# Plant I.D. Please



## RayMarler (Jun 18, 2008)

I have in the area this bush, it looks like it may be able to be trimmed into a tree, but not sure. It's not on anyone's property that I have seen but is in public roadway ditches and fence lines. Here is a couple pics, does anyone know what it is and if it is any good for bee forage? Thanks!


----------



## ruthiesbees (Aug 27, 2013)

looks a bit like elderberry.


----------



## RayMarler (Jun 18, 2008)

Yes it does! Thanks Ruth!
Now, has anyone ever seen bees working the Elderberry blooms? I don't have any on my property so I've never been able to see if bees work them or not.


----------



## Dave Burrup (Jul 22, 2008)

It is Elder Berry. It could be European Elderberry, or a native species. Our bees work ours heavily for pollen, but they do not produce nectar.

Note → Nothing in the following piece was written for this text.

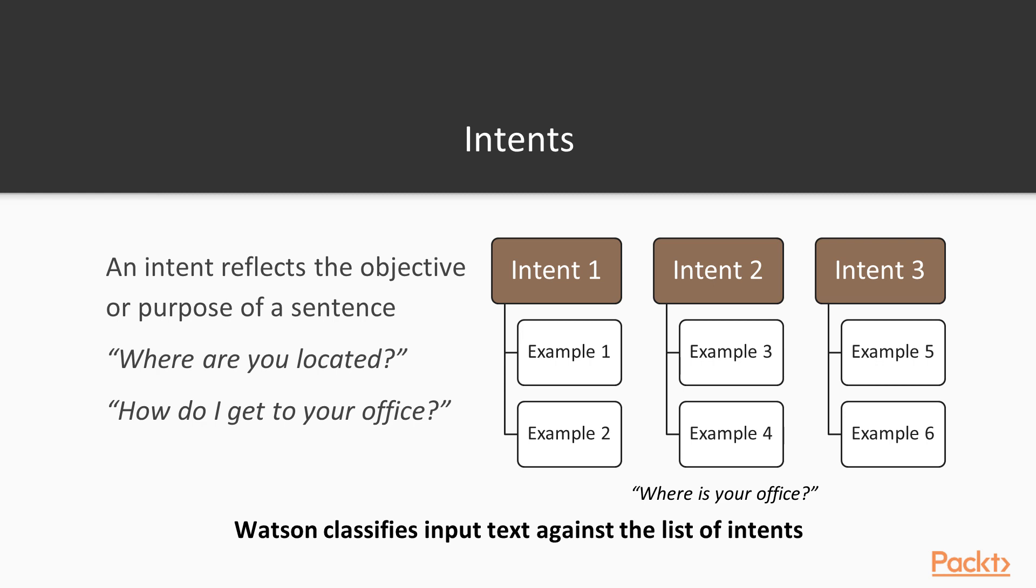When Watson receives a new text from the end user, for example, where is your office, it will try to compare against the training that it has received. So it will say, for example, where is your office is very similar to the sentence where are you located and also is very similar to how do I get to your office. So it will conclude that you are asking for the same type of intent. So you will say, okay, you are asking me for a location, so I will give the corresponding answer.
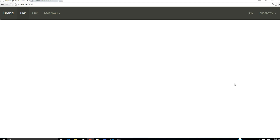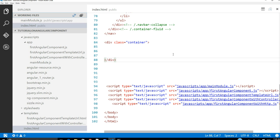Welcome back guys, this is going to be the third part of our video tutorial series on creating Angular components. We had a couple of examples in the last video tutorial. In this video tutorial, I intend to use HTTP to fetch some data from the server and basically do a binding. Let's go ahead and start our application.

The European species sucker like crazy to the point of being trouble some.


----------



## jeffnmo (Mar 16, 2013)

it does look like elderberry and we have a few bushes and the bees do work them.


----------



## RayMarler (Jun 18, 2008)

Great, thanks Jeff!
That helps me determine blooming flows and timing in my area, much appreciated to you and Ruth both for your replies!


----------